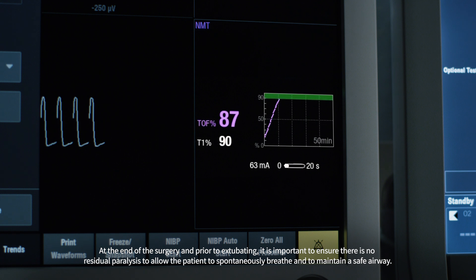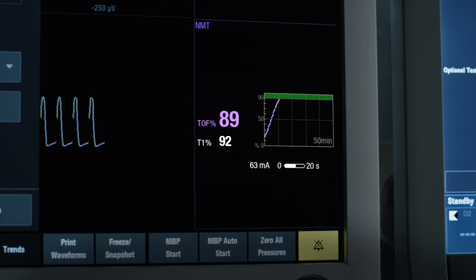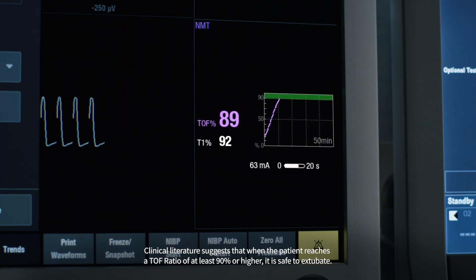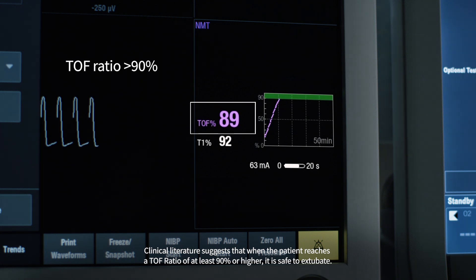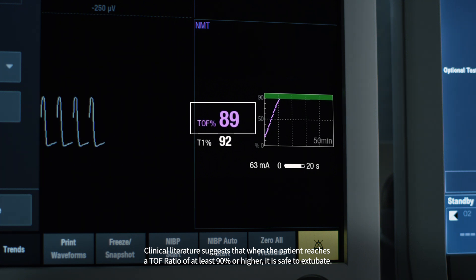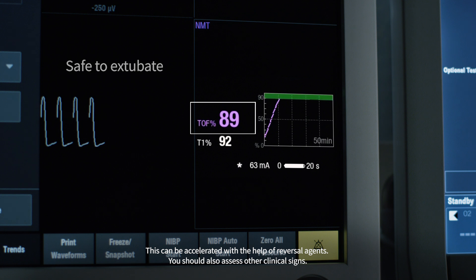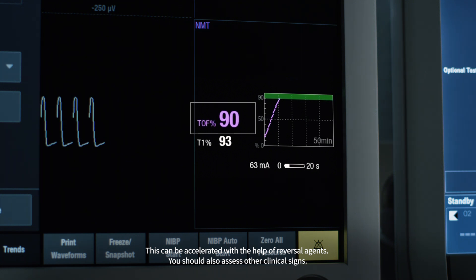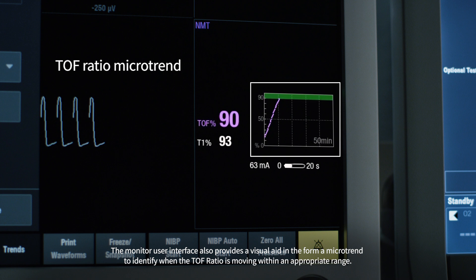At the end of surgery and prior to extubating, it is important to ensure there is no residual paralysis, to allow the patient to spontaneously breathe and to maintain a safe airway. Clinical literature suggests that when the patient reaches a TOF ratio of at least 90% or higher, it is safe to extubate. This could be accelerated with the help of reversal agents. You should also assess other clinical signs. The monitor user interface also provides a visual aid in the form of a microtrend to identify when the TOF ratio is moving within an appropriate range.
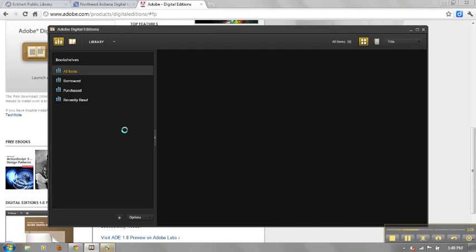From here, you will begin to be able to manage your ebooks that you have checked out from your local library.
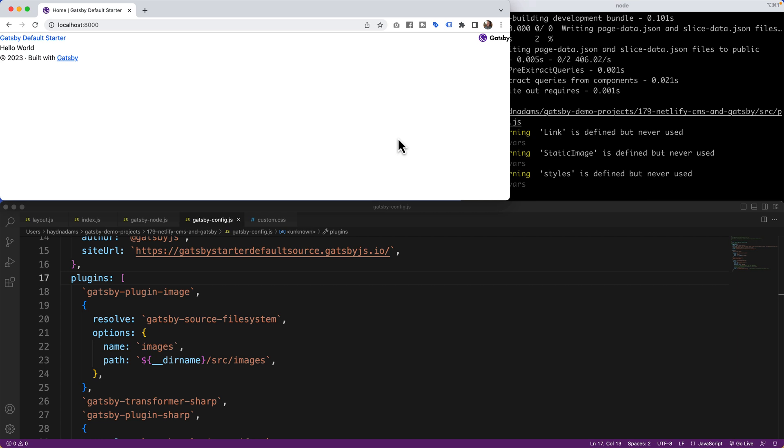Alright, in our last video we took a look at how to scale down our Gatsby project to the bare bone structure. Now what I want to do is connect this up to Netlify to make sure it's working from square one.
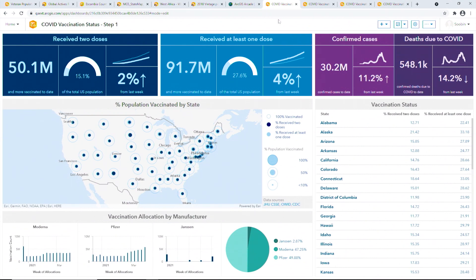Here's a dashboard that informs and updates the viewers on the COVID-19 vaccination status across the US. It further breaks the data down to date-level vaccination status and vaccination allocation by different manufacturers. Now let's leverage data expressions to take this dashboard to the next level.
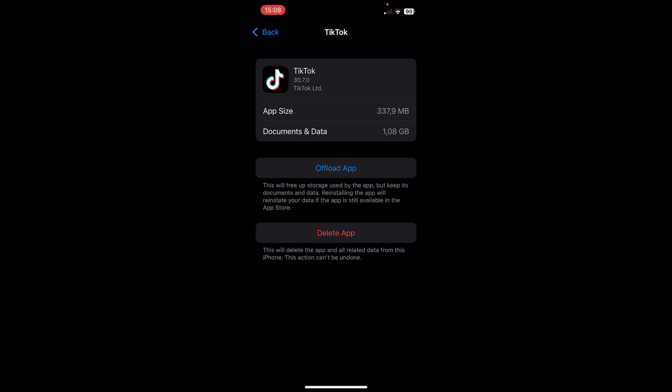So when you tap on offload app button, basically you'll delete the cache files of TikTok. So you can do this on Android phones and iOS devices.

========================================================================

**EXERCISE AIM**.
Set down exactly, and only, the lines from the one containing "Here's a dashboard" through the last line of the entries. Pictures do not belong in the copy.

**FINISHED EXERCISE**.
Here's a dashboard that informs and updates the viewers on the COVID-19 vaccination status across the US. It further breaks the data down to date-level vaccination status and vaccination allocation by different manufacturers. Now let's leverage data expressions to take this dashboard to the next level.
So when you tap on offload app button, basically you'll delete the cache files of TikTok. So you can do this on Android phones and iOS devices.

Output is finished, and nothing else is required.